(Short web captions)
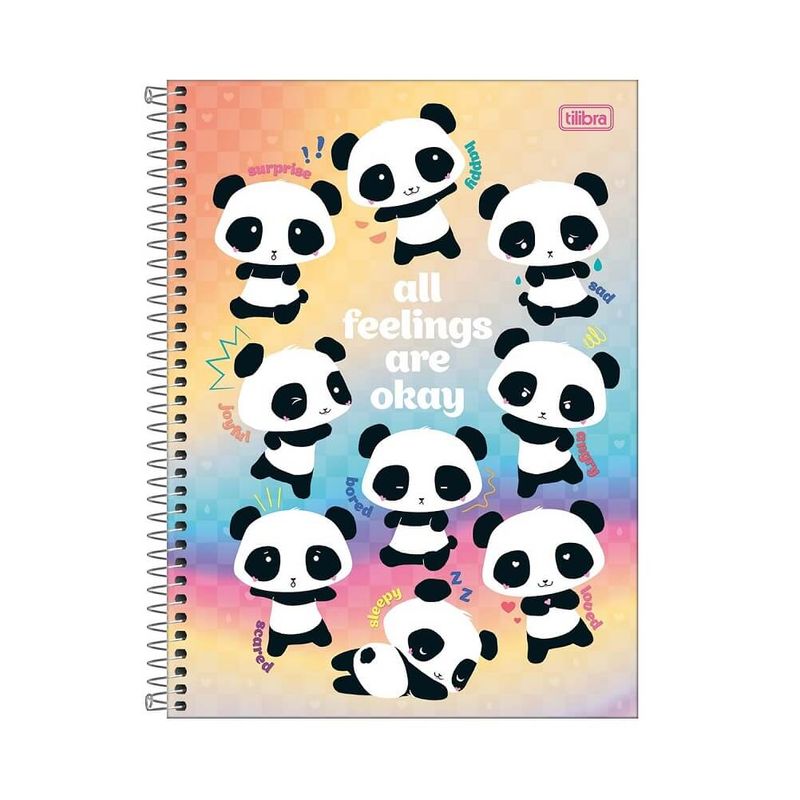 caderno-espiral-cd-universitario-1-materia-lovely-friend-80f-tilibra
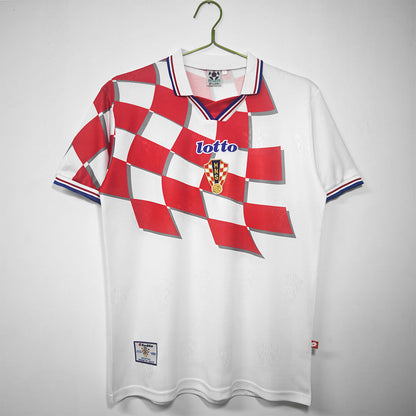 Boban #10 Retro Croatia Home Jersey World Cup 1998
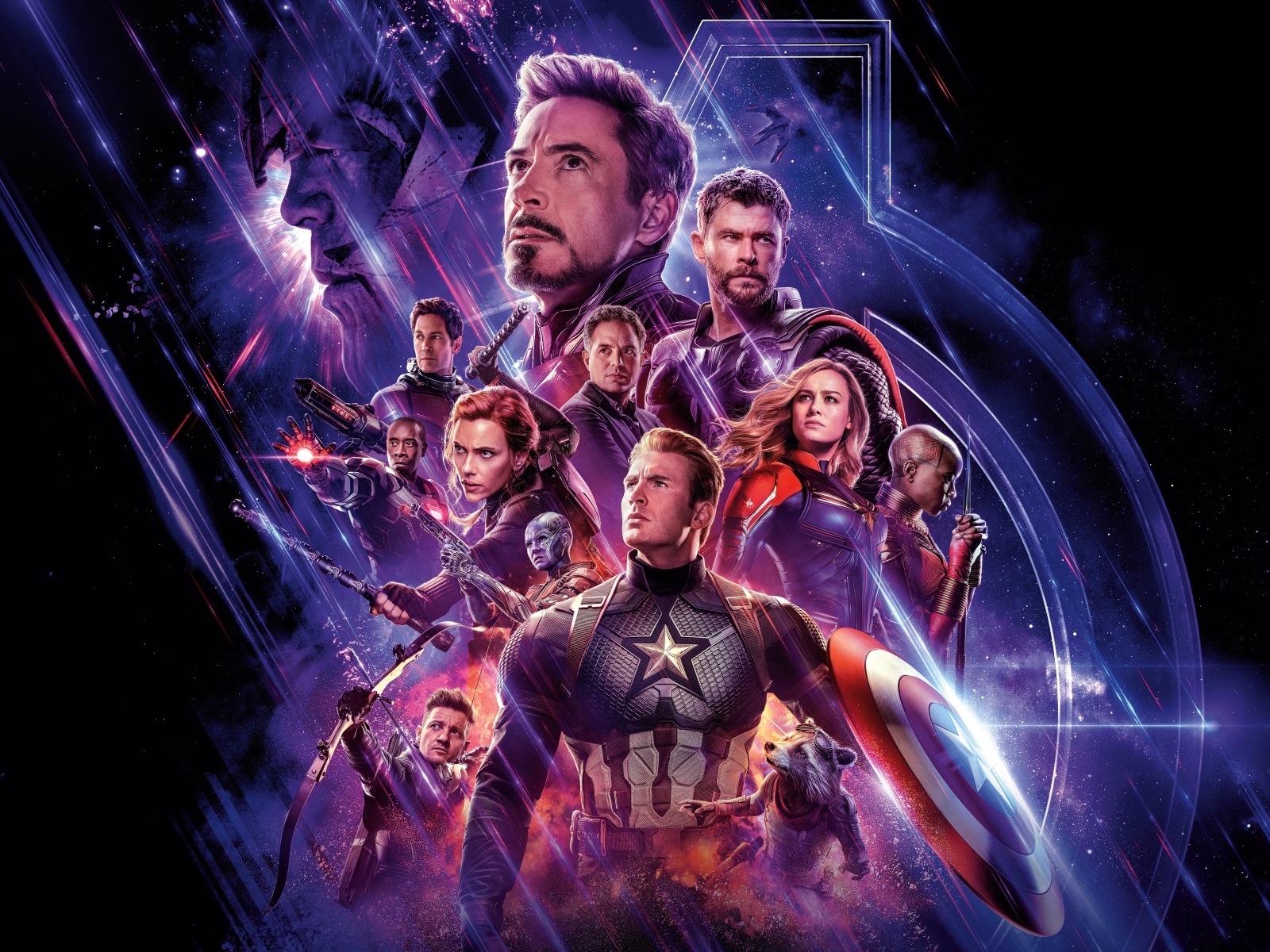 Characters superhero movie Avengers: Final 2019 year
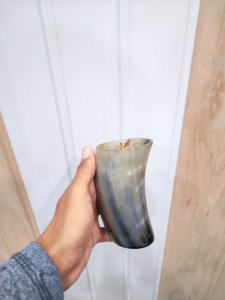 แก้วเบียร์ทำมือจากวัสดุธรรมชาติ ทำจากเขาควายขัดเงา สไตล์ศาสนา รูปทรงสัตว์ ยุโรป งานแต่งงาน งานฝีมือ - Product Image 4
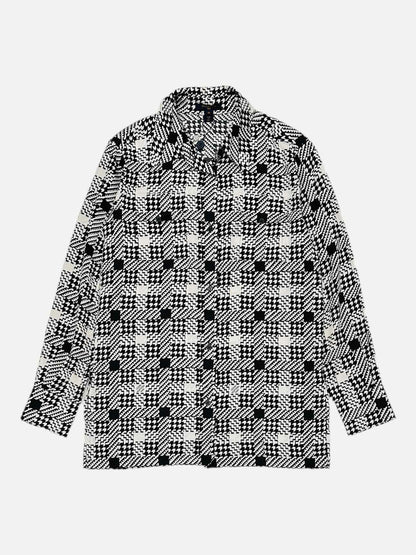 LOUIS VUITTON Relaxed Fit Black & White Size US 6 Shirt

### Try it
Please repeat the data above exactly as it appears, pictures excluded.

### Solution to the problem
 caderno-espiral-cd-universitario-1-materia-lovely-friend-80f-tilibra
 Boban #10 Retro Croatia Home Jersey World Cup 1998
 Characters superhero movie Avengers: Final 2019 year
 แก้วเบียร์ทำมือจากวัสดุธรรมชาติ ทำจากเขาควายขัดเงา สไตล์ศาสนา รูปทรงสัตว์ ยุโรป งานแต่งงาน งานฝีมือ - Product Image 4
 LOUIS VUITTON Relaxed Fit Black & White Size US 6 Shirt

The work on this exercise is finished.